> _WORK INSTRUCTION_
The answer must consist solely of the lines from the start of the records through the line containing "#primosdesaparecidos #primossantizo #guatemala", restated word for word, with no pictures.

··· PROVIDED RECORDS

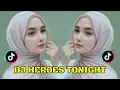 DJ HEROES TONIGHT VIRAL TIK TOK TERBARU 2025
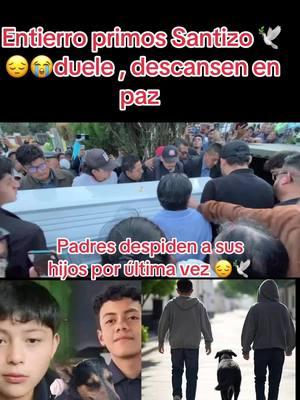 #primosdesaparecidos #primossantizo #guatemala #desaparecidos #viralesguate #guate #denuncia #fyp #entierro #descansaenpaz #noticiastiktok #Viral #ultimahora #urgente #guatemalaimpresionante #fallecido #guatemala🇬🇹 #noticias #noticiasen1minuto #sanmarcos #viralvideo #videotiktok #usa🇺🇸 #fy #paratii 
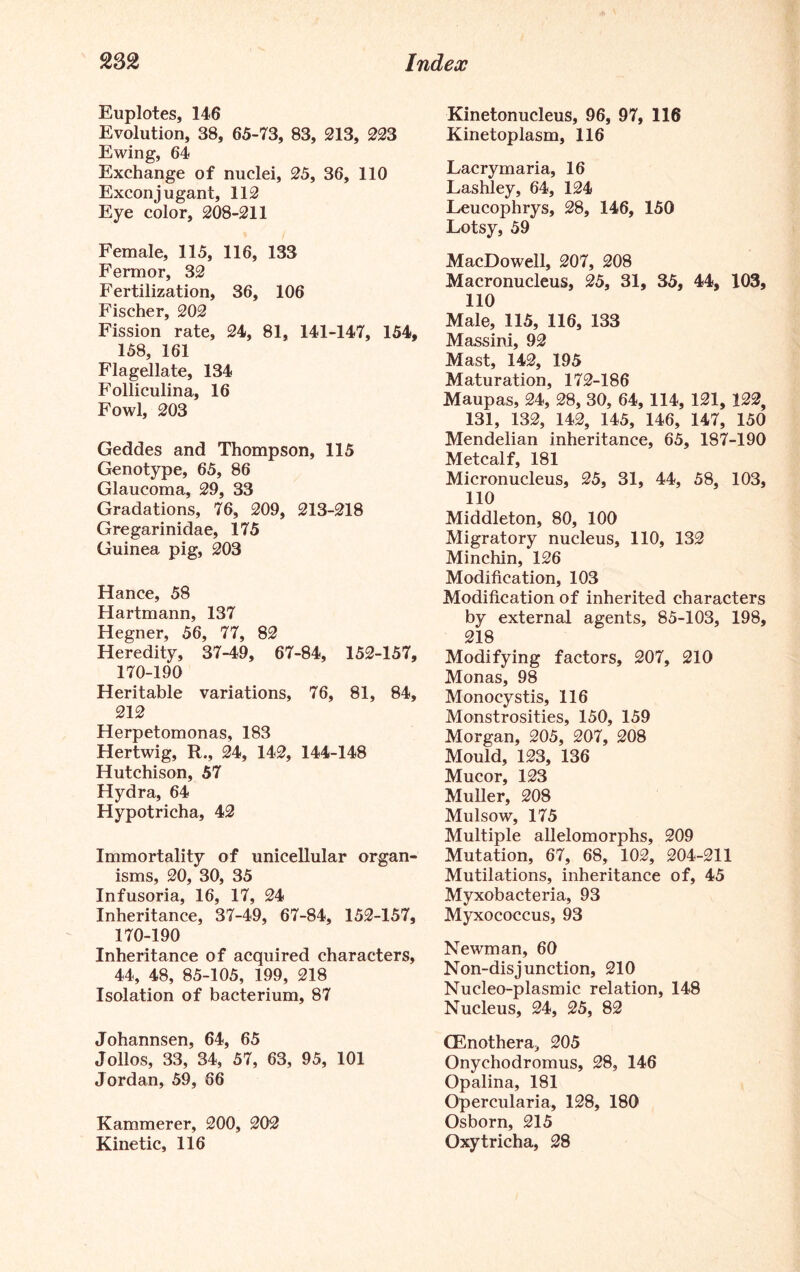 Euplotes, 146 Evolution, 38, 65-73, 83, 213, 223 Ewing, 64 Exchange of nuclei, 25, 36, 110 Exconjugant, 112 Eye color, 208-211 Female, 115, 116, 133 Fermor, 32 Fertilization, 36, 106 Fischer, 202 Fission rate, 24, 81, 141-147, 154, 158, 161 Flagellate, 134 Folliculina, 16 Fowl, 203 Geddes and Thompson, 115 Genotype, 65, 86 Glaucoma, 29, 33 Gradations, 76, 209, 213-218 Gregarinidae, 175 Guinea pig, 203 Hance, 58 Hartmann, 137 Hegner, 56, 77, 82 Heredity, 37-49, 67-84, 152-157, 170-190 Heritable variations, 76, 81, 84, 212 Herpetomonas, 183 Hertwig, R., 24, 142, 144-148 Hutchison, 57 Hydra, 64 Hypotricha, 42 Immortality of unicellular organ- isms, 20, 30, 35 Infusoria, 16, 17, 24 Inheritance, 37-49, 67-84, 152-157, 170-190 Inheritance of acquired characters, 44, 48, 85-105, 199, 218 Isolation of bacterium, 87 Johannsen, 64, 65 Jolios, 33, 34, 57, 63, 95, 101 Jordan, 59, 66 Kammerer, 200, 202 Kinetic, 116 Kinetonucleus, 96, 97, 116 Kinetoplasm, 116 Lacrymaria, 16 Lashley, 64, 124 Leucophrys, 28, 146, 150 Lotsy, 59 MacDowell, 207, 208 Macronucleus, 25, 31, 35, 44, 103, 110 Male, 115, 116, 133 Massini, 92 Mast, 142, 195 Maturation, 172-186 Maupas, 24, 28, 30, 64, 114, 121, 122, 131, 132, 142, 145, 146, 147, 150 Mendelian inheritance, 65, 187-190 Metcalf, 181 Micronucleus, 25, 31, 44, 58, 103, 110 Middleton, 80, 100 Migratory nucleus, 110, 132 Minchin, 126 Modification, 103 Modification of inherited characters by external agents, 85-103, 198, 218 Modifying factors, 207, 210 Monas, 98 Monocystis, 116 Monstrosities, 150, 159 Morgan, 205, 207, 208 Mould, 123, 136 Mucor, 123 Muller, 208 Mulsow, 175 Multiple allelomorphs, 209 Mutation, 67, 68, 102, 204-211 Mutilations, inheritance of, 45 Myxobacteria, 93 Myxococcus, 93 Newman, 60 Non-disjunction, 210 Nucleo-plasmic relation, 148 Nucleus, 24, 25, 82 CEnothera, 205 Onychodromus, 28, 146 Opalina, 181 Opercularia, 128, 180 Osborn, 215 Oxytricha, 28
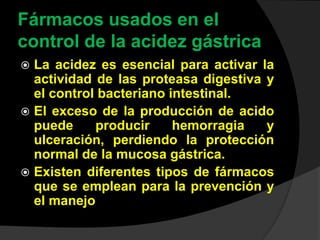 Fármacos usados en el
control de la acidez gástrica
 La acidez es esencial para activar la
actividad de las proteasa digestiva y
el control bacteriano intestinal.
 El exceso de la producción de acido
puede producir hemorragia y
ulceración, perdiendo la protección
normal de la mucosa gástrica.
 Existen diferentes tipos de fármacos
que se emplean para la prevención y
el manejo
 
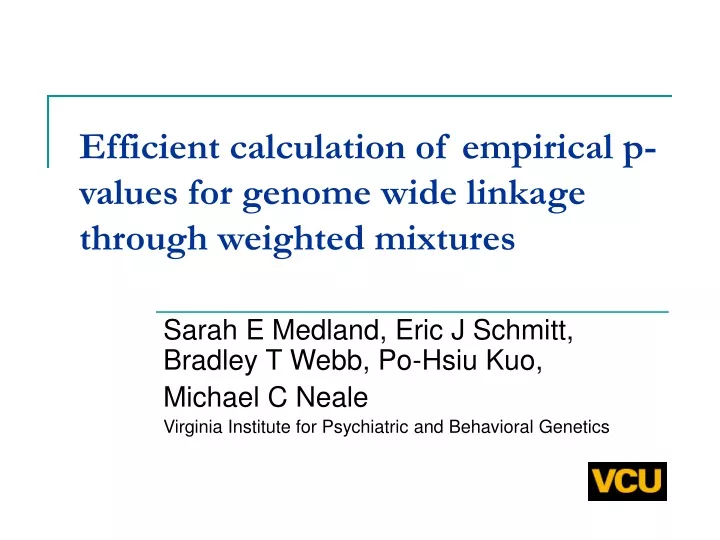 efficient calculation of empirical p values for genome wide linkage through weighted mixtures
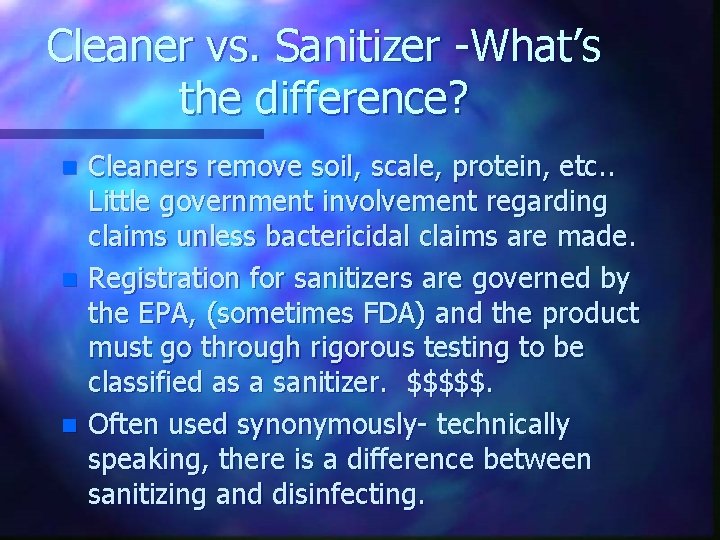 Cleaner vs. Sanitizer -What’s the difference? n n n Cleaners remove soil, scale, protein,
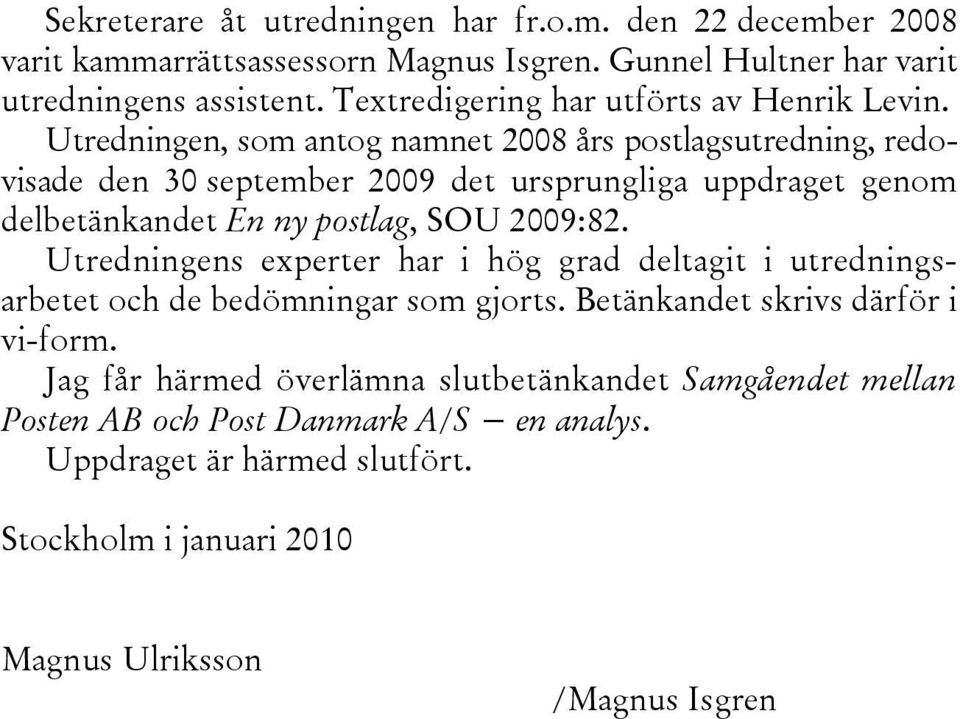 Utredningen, som antog namnet 2008 års postlagsutredning, redovisade den 30 september 2009 det ursprungliga uppdraget genom delbetänkandet En ny postlag, SOU 2009:82.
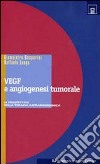 VEGF e angiogenesi tumorale. Le prospettive della terapia antiangiogenica libro di Longo Raffaele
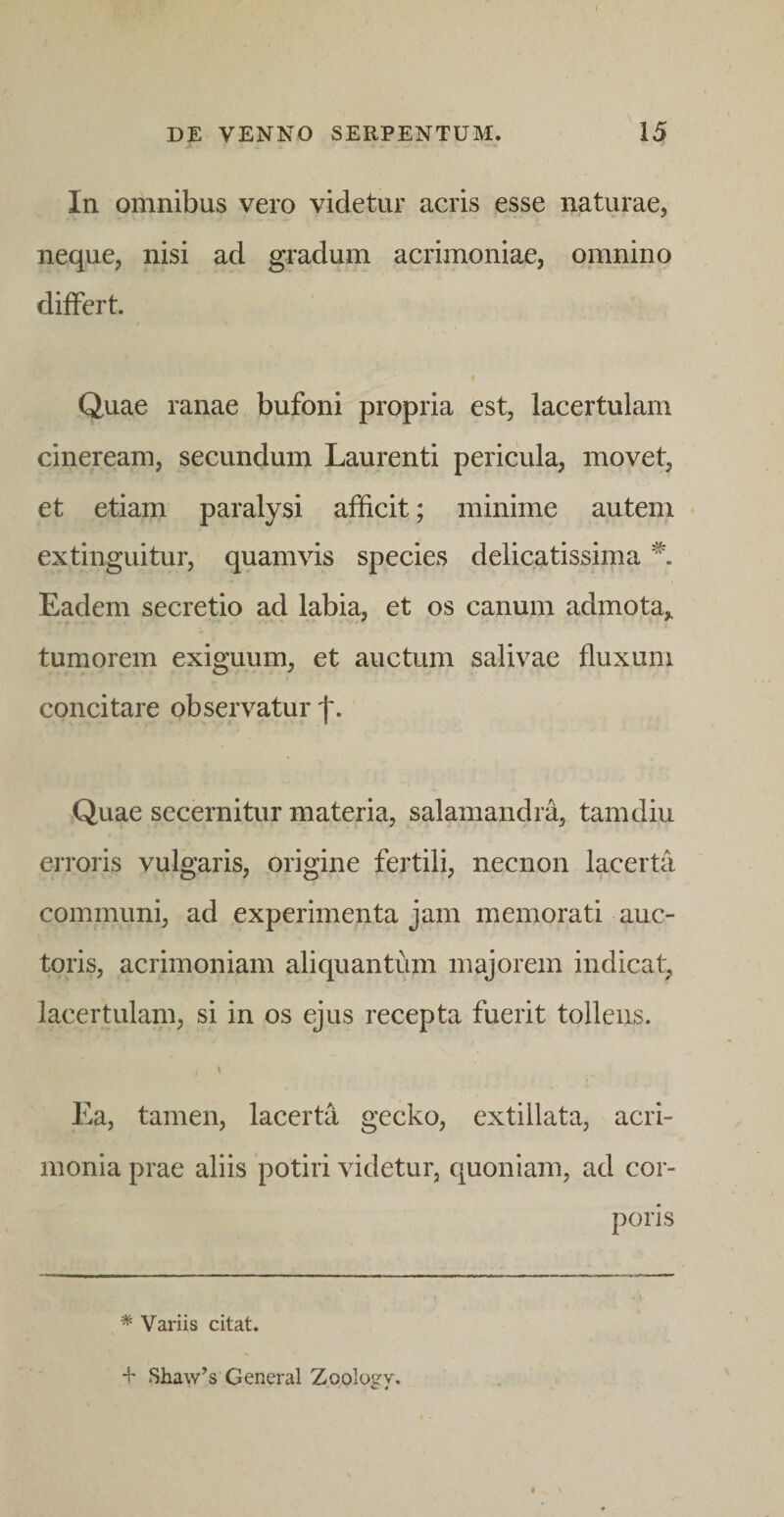 In omnibus vero videtur acris esse naturae, neque, nisi ad gradum acrimoniae, omnino diiFert. I Quae ranae bufoni propria est, lacertulam cineream, secundum Laurenti pericula, movet, et etiam paralysi afficit; minime autem • extinguitur, quamvis species delicatissima Eadem secretio ad labia, et os canum admota,, tumorem exiguum, et auctum salivae fluxum concitare observatur f. Quae secernitur materia, salamandra, tam diu erroris vulgaris, origine fertili, necnon lacerta communi, ad experimenta jam memorati auc¬ toris, acrimoniam aliquantum majorem indicat, lacertulam, si in os ejus recepta fuerit tollens. \ Ea, tamen, lacerta gecko, extillata, acri¬ monia prae aliis potiri videtur, quoniam, ad cor¬ poris * Variis citat.
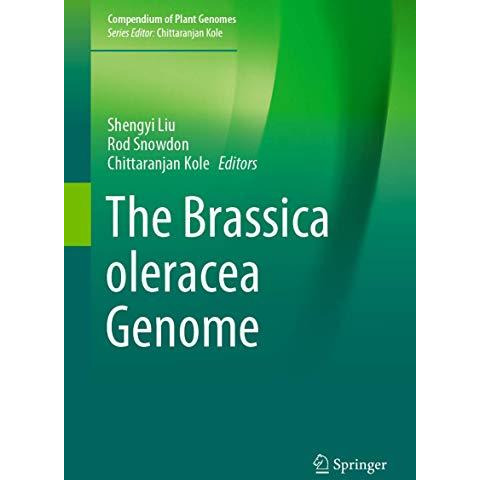 The Brassica oleracea Genome [Hardcover]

······

> _WRITTEN ANSWER_
 DJ HEROES TONIGHT VIRAL TIK TOK TERBARU 2025
 #primosdesaparecidos #primossantizo #guatemala #desaparecidos #viralesguate #guate #denuncia #fyp #entierro #descansaenpaz #noticiastiktok #Viral #ultimahora #urgente #guatemalaimpresionante #fallecido #guatemala🇬🇹 #noticias #noticiasen1minuto #sanmarcos #viralvideo #videotiktok #usa🇺🇸 #fy #paratii 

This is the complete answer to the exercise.